# What is expected:
Show every line of the records below that contains the word "Gold".

# Provided data:
☆ ☆ ☆ ☆
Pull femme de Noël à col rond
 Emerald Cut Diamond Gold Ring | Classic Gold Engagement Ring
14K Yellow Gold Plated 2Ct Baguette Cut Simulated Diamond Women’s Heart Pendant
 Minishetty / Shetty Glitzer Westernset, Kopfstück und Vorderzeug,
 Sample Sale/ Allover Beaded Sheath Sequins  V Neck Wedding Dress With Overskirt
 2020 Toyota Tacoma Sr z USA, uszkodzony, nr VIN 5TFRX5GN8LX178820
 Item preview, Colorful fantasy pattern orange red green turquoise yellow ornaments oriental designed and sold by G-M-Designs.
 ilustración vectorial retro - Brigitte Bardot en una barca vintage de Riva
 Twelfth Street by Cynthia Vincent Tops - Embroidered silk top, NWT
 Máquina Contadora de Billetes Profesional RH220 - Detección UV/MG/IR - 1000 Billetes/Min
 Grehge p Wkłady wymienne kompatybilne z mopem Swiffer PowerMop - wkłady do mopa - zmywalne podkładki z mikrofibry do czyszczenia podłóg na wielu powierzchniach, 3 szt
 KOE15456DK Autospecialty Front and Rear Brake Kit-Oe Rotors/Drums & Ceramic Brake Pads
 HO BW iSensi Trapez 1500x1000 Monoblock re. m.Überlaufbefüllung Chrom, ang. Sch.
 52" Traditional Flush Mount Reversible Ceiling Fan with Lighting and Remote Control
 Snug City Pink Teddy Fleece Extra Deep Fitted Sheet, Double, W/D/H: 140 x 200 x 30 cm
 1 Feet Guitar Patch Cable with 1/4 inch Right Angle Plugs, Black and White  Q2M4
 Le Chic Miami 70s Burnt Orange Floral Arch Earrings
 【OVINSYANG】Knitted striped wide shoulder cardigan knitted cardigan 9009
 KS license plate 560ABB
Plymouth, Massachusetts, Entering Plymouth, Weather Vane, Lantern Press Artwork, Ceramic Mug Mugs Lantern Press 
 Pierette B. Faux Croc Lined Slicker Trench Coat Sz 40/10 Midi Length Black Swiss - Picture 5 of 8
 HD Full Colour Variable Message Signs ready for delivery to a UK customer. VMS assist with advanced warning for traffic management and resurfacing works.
☆ ☆ ☆ ☆
# Final answer:
 Emerald Cut Diamond Gold Ring | Classic Gold Engagement Ring
14K Yellow Gold Plated 2Ct Baguette Cut Simulated Diamond Women’s Heart Pendant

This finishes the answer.